The tRNA gene loci database. (A) Graphic representation of the data included in the tRNA gene and Ty element database. Gene and Ty sequence nomenclature, coordinates and orientations are according to SGD. Gene expression data is according to the yeast Transcriptome database (Holstege et al. 1998). Intergenic distance measurements were based on the ORF coordinates assigned by SGD and not the start sites of transcription which remain to be determined for many genes. (B) The average intergenic window size upstream (5′, black bars) and downstream (3′, white bars) of all the tRNA genes in the genome (total). The average intergenic window size upstream (5′, black bars) and downstream (3′, white bars) of all the tRNA genes in the genome (total); if full-length Ty elements are excluded (-Ty elements); and if Ty element and LTR sequences are excluded (-Ty sequence) from the intergenic windows. The calculated mean genome-wide inter-ORF distance excluding telomeric regions (genome, gray) is indicated.

Figure 6.

Genomic distribution of the distances from tRNA genes to their nearest neighbor genes. (A) Cartoon of the generic tRNA locus in the yeast genome.
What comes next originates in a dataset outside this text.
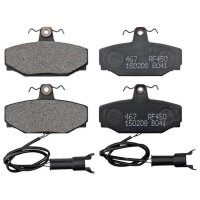 Brake pad set with wear sensor 12.5 mm A.B.S. for JAGUAR...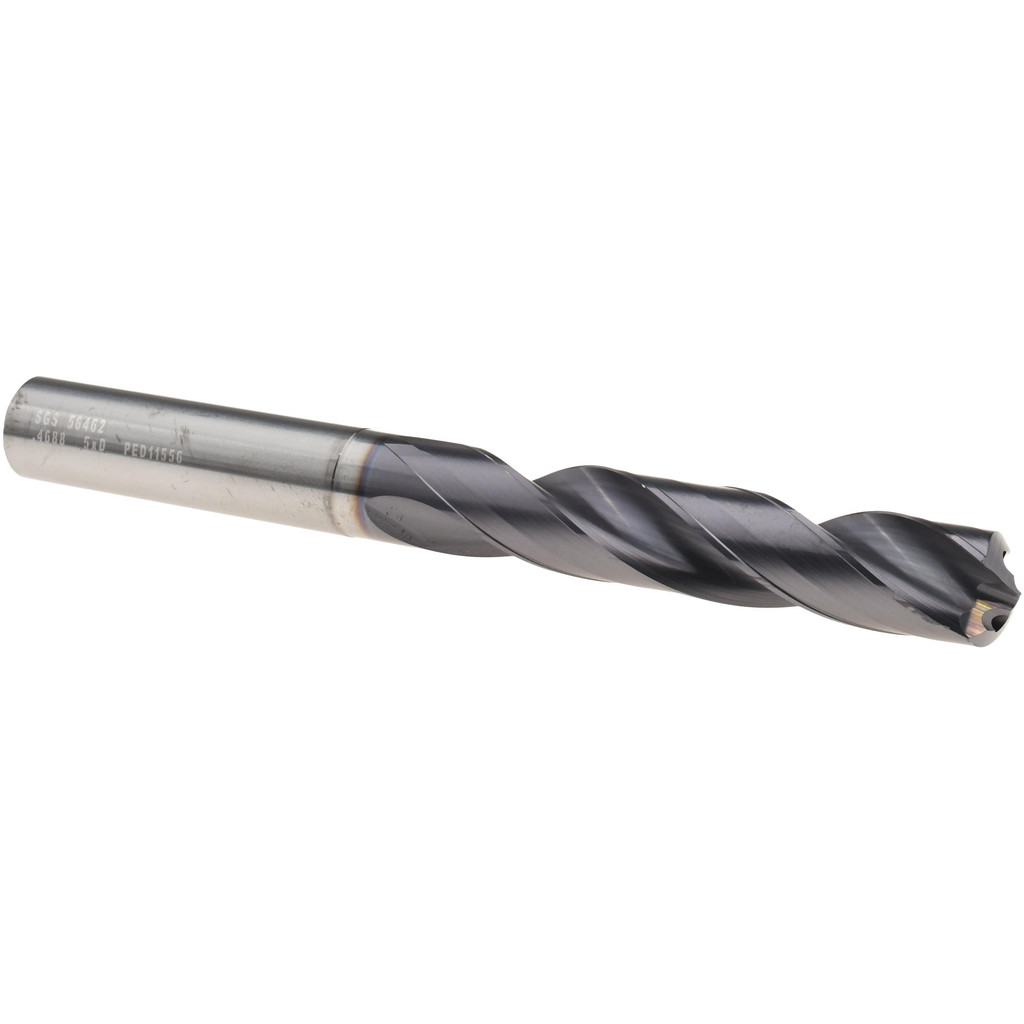 15/32" (.4688") Carbide Tipped Chucking Reamer - Full Flute, 4 Flutes, 3/8" Shank, USA Made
The gray double-headed arrows represent the distances from tRNA genes to their nearest (B) upstream and (C) downstream genes. Solid bars represent tRNA genes that are transcribed in the opposite direction as the neighboring gene, and open bars represent tRNA genes that are transcribed in the same direction as the nearby gene. The minor peaks in the distributions for distances >6,000 and 12,000 bp indicate the presence of one or two full-length Ty elements, respectively.

Figure 7.

Expression level distribution of the genes upstream of tRNA genes. The expression level for each upstream gene is plotted versus the distance between the upstream ORF and the nearby tRNA gene. (A) Expression level versus intergenic distance for divergently transcribed genes at tRNA loci lacking (solid circles) and containing (open diamonds) upstream Ty sequences. (B) Expression level versus intergenic distance for convergently transcribed genes at tRNA loci lacking (solid triangles) and containing (open squares) upstream Ty sequences. The black arrow and broken black line indicate a 400-bp distance from the upstream gene to the tRNA gene. The horizontal lines (black for solid and gray for open symbols) and numbers represent the mean expression level for the distances spanned by the lines. Gene expression data is according to the yeast Transcriptome database (Holstege et al. 1998). Intergenic distance measurements were based on the ORF coordinates assigned by SGD and not the start sites of transcription, which remain to be determined for many genes.

Figure 8.

Effect of a native chromosomal tRNA gene on PTR3 expression. (A) Cartoon of the tY(GUA)F2 locus on chromosome VI. Open arrowheads indicate the transcriptional orientation, and the distance between the tRNA gene and the flanking non-Ty ORFs is given in base pairs. (B) RNA blot analysis of cells containing various chromosomal alleles of the tY(GUA)F2 tRNA gene. The level of PTR3 to ACT1 RNA was determined for each sample. (C) PTR3 levels in the presence of no tRNA gene, an actively transcribed tRNA gene and a transcriptionally inactive tRNA gene are relative to those in the presence of the wild-type tRNA gene, URA3MX4, sup2+b and sup2+b* relative to wt. (* indicates the presence of the G56 mutation in sup2+b).